Uwe Hochgeschurtz (Opel)
The CEO considers that “they made mistakes in the past by focusing on volume” and that their priority is quality
Uwe Hochgeschurtz is the CEO of
Opel from the day the brand launched the new Astra, in September 2021. This model is instrumental for the company, as it “builds a bridge between the past and the future”, offering thermal engines, a plug-in hybrid and, from from 2023, a 100% electric variant.
The Astra will thus join the 12 current zero-emission models that the only German brand of the Stellantis Group has, which was born a year ago after the merger of the PSA consortia (to which it belonged) with FCA. It also indicates the future direction in design that the manufacturer will follow, which we had the opportunity to check at its development center in Rüsselsheim (Germany).
One of the main problems he had to face upon his arrival is the
positioning of your brand within the wide range of the manufacturer, which, in total, adds up to 14. “It is the first decision that a CEO has to make. Knowing who your customers are, your competition, how to reach the market… », he declares. And, although it is true, it is also true that he arrived at his position – directly from the management of Renault in Germany, Austria and Switzerland – with a healthy income statement.

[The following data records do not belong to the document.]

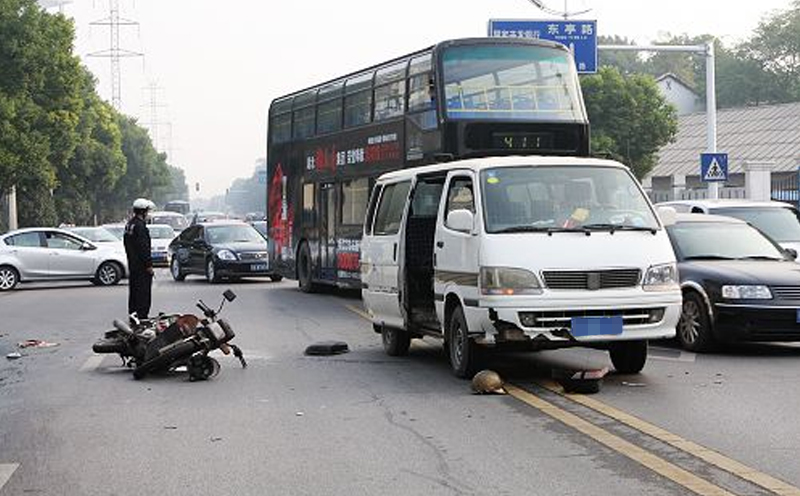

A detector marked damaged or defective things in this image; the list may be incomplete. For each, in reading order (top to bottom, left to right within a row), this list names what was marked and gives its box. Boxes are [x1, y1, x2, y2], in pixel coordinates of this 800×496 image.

detached tire [95, 262, 122, 284]
detached tire [133, 340, 197, 380]
overturned motorcycle [92, 288, 247, 382]
detached tire [382, 326, 410, 356]
detached tire [446, 304, 478, 378]
detached tire [608, 340, 648, 374]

Opel returned to profitability after entering the PSA Group in 2018. This trend has remained constant since then —it was not like that in his time at General Motors— and although they do not reveal the figures for each brand within Stellantis, they can “cover the investments with our profits, and these are very high because the transition from thermal motors to electric ones is taking place”.
“In the past we did many things well and others not so well, such as focusing on high-volume strategies,” he admits. Today, he considers that selling many cars is not the goal. «Of course, you need to sell a minimum to cover costs, but the same thing happens with the baker: if he makes good bread, he sells a lot. Volume is the consequence of having a good car.”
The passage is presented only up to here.